Here is the bit the Dalai Lama missed. He missed the fact that we are not trained or encouraged to “realize we have made a mistake."
No one goes looking for their own error or their own misunderstanding or their own assumption. Art of Self Rescue encourages these types of self examination.
I do not believe the greater concern is you discovering you’ve made a mistake and DELAYING it's correction.
I believe the greater concern is you not realizing that you have MADE a mistake.
Look for your own error and look for it first.
8. Spend some time alone every day.
Seriously.
If you cannot spend time alone, then you have a problem with you. If you need to fill that “alone time“ up with distractions, problems, other people, exercising, addictions, vices and projects… You. Are. Running. From. YOU.

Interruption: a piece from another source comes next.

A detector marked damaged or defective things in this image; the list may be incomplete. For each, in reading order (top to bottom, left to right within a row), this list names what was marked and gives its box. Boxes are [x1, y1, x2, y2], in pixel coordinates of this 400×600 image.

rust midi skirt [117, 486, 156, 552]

There is no coaching, no goalsetting, no mantra and no ANYTHING that can help you so long as you remain WILLING to keep running from the truth about yourself.

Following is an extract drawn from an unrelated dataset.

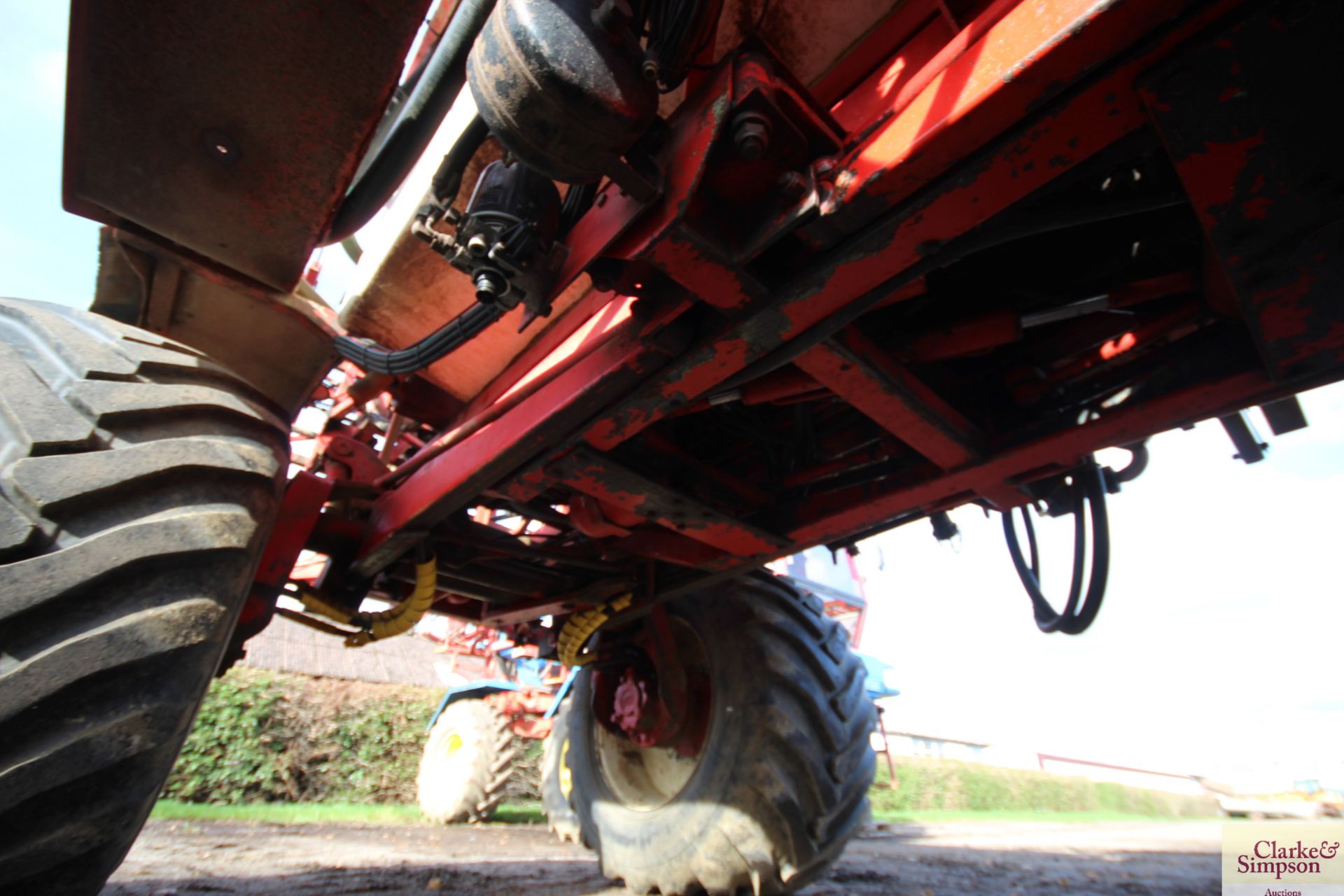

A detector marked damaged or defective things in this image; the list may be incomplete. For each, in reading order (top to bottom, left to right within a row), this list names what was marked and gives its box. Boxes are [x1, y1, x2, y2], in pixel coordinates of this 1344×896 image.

9. Open your arms to change, but don't let go of your values.
This is tough. Why? Because it’s a balancing act and Alphas are primarily way out of balance.
Maintaining your core values requires commitment and discipline and awareness. Embracing change requires trust, truth, courage and optimism.
Two totally different skill sets.
It means you can let your son cut his hair into a mohawk (creative change) but you require he gel it down to go to church or important functions with you (respect value).
Do not let your values make you soo rigid that you lose an opportunity to embrace a change that can bring you something good, even though you will experience some loss of control (gasp!).
10. Remember that silence is sometimes the best answer.
Stop effing explaining everything. Just stop.
Do you remember that song, “you say it best when you say nothing at all…"?
Silence can be used to SAY very powerful things. It is most often used to deliver a very difficult “No, I’m not on board”.
I teach my Alphas that you don’t need to give a backstory for your deepest feelings. It finishes them as a feeling to be “rationalized.”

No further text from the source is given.